## Your objective
Pictures stay out of the copy. Everything else in the records must be repeated exactly.
Entries shown below:
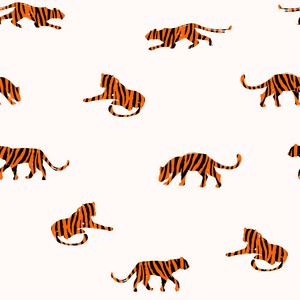 无缝的异国情调的样式与老虎的抽象剪影
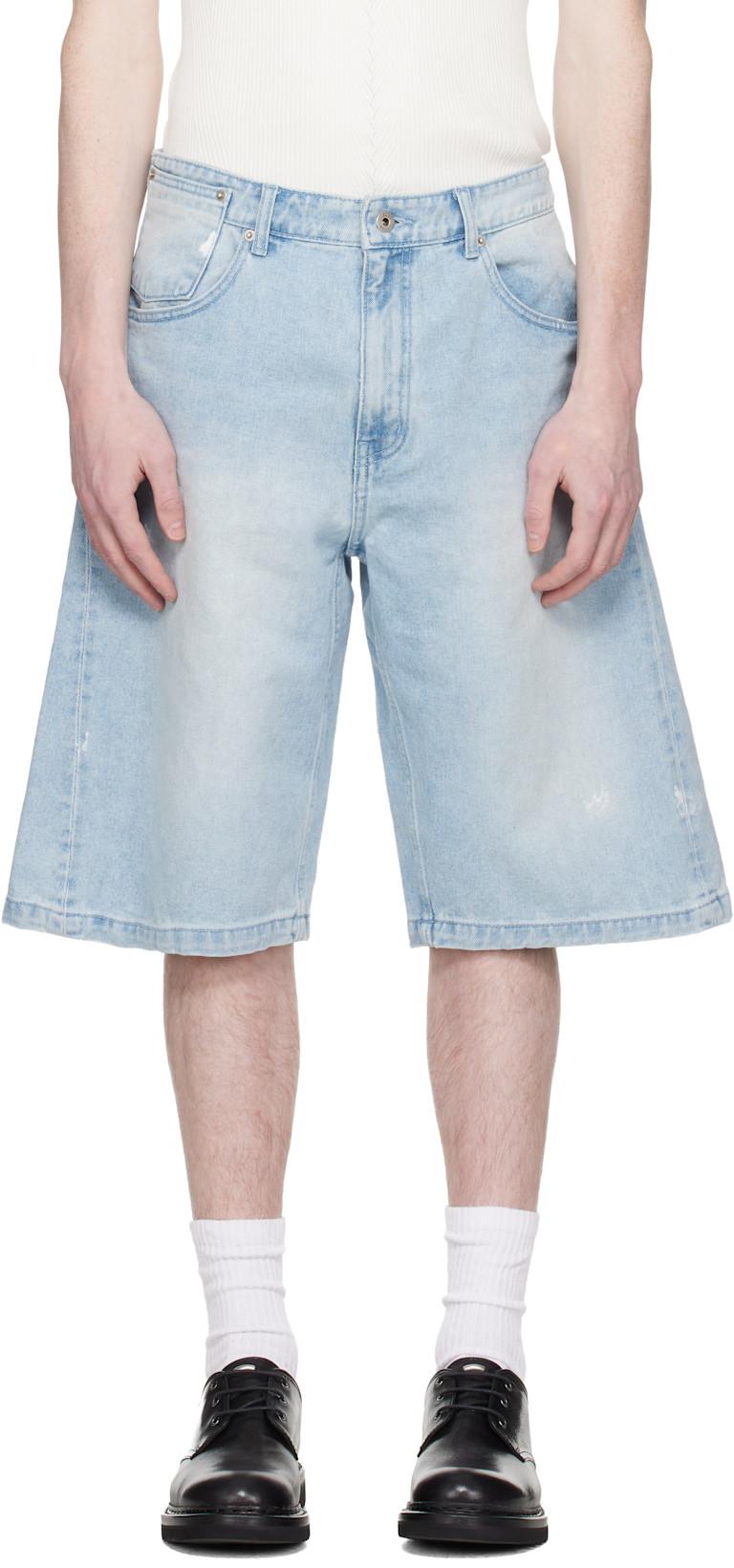 Blue Painted Washed Bermuda Denim Shorts by COOR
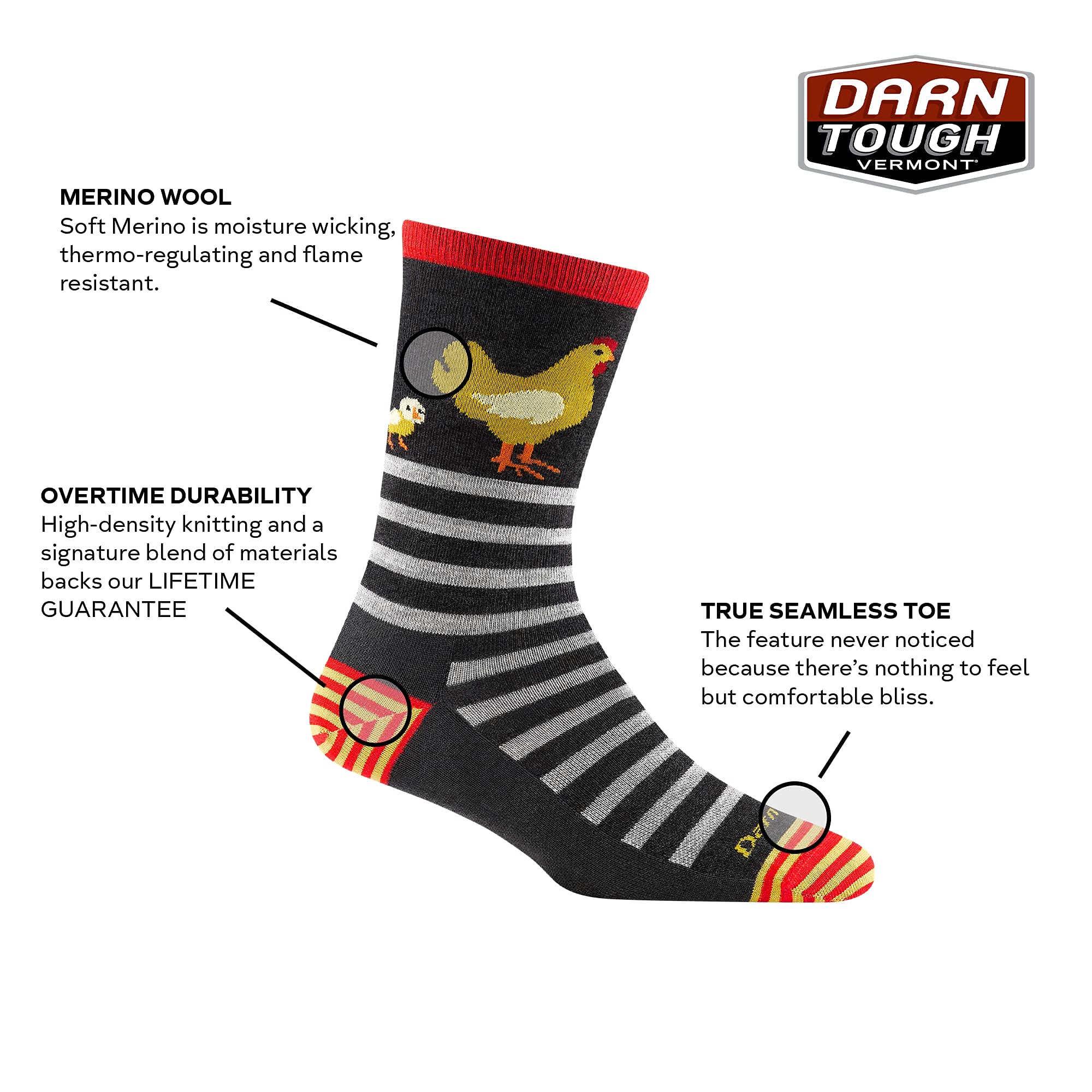 Darn Tough Vermont Animal Haus Crew Lagoon sock closeup showcases soft Merino blend.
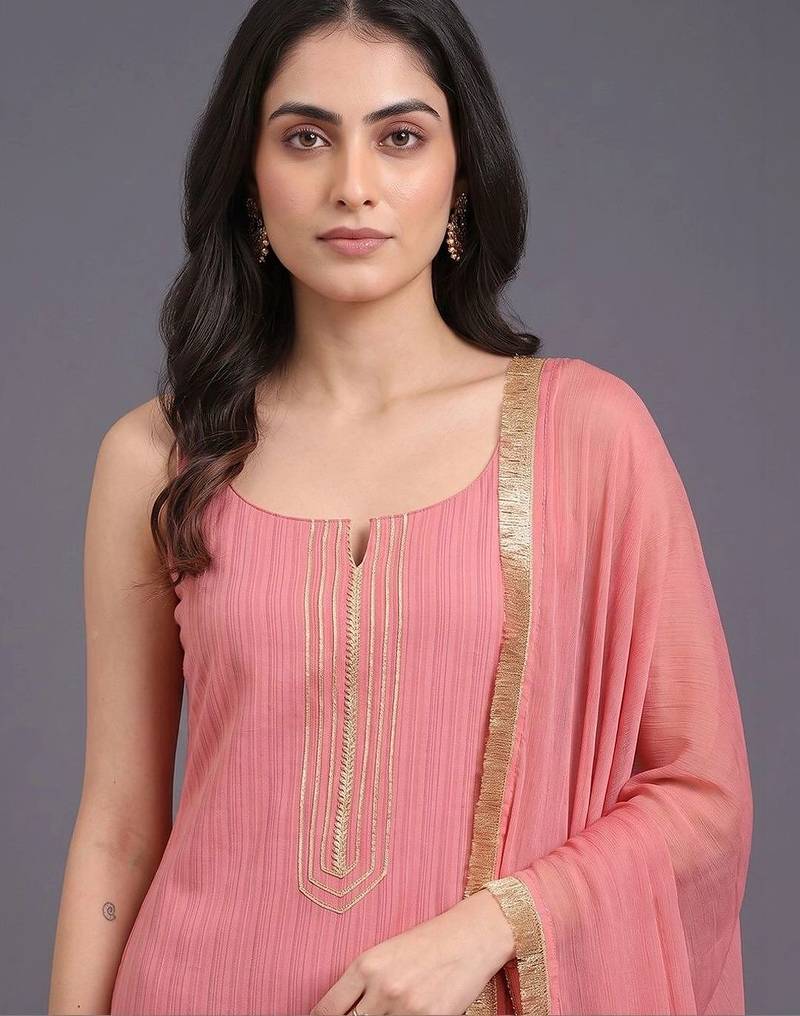 women regular thread work silk crepe kurta with trousers & with dupatta
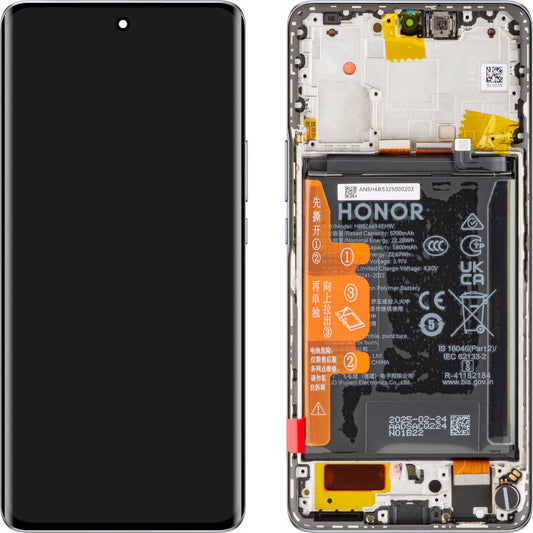 Display met Touchscreen Honor X50, met Frame en Batterij, Zilver, Service Pack 0235AGJH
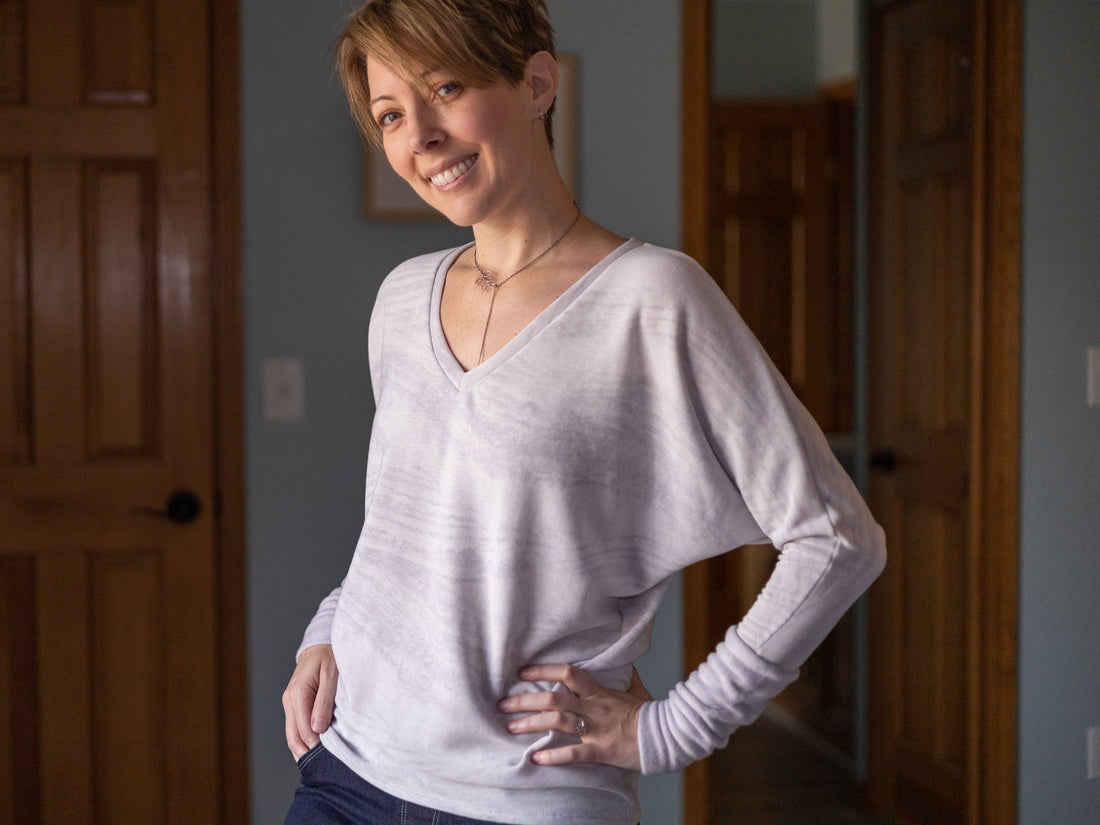 Illustration of a dolman sleeve pattern showing the bodice and sleeve as one continuous piece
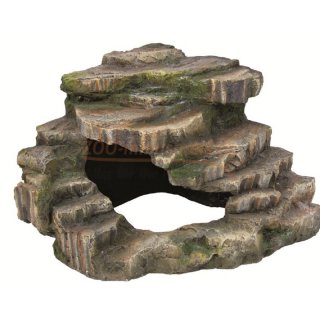 Eckfels mit Höhle und Plattform, 26 x 26 cm und 20 cm hoch. Platzsparende Rückzugmöglichkeit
End of Entries shown.
## Solution for this task
 无缝的异国情调的样式与老虎的抽象剪影
 Blue Painted Washed Bermuda Denim Shorts by COOR
 Darn Tough Vermont Animal Haus Crew Lagoon sock closeup showcases soft Merino blend.
 women regular thread work silk crepe kurta with trousers & with dupatta
 Display met Touchscreen Honor X50, met Frame en Batterij, Zilver, Service Pack 0235AGJH
 Illustration of a dolman sleeve pattern showing the bodice and sleeve as one continuous piece
 Eckfels mit Höhle und Plattform, 26 x 26 cm und 20 cm hoch. Platzsparende Rückzugmöglichkeit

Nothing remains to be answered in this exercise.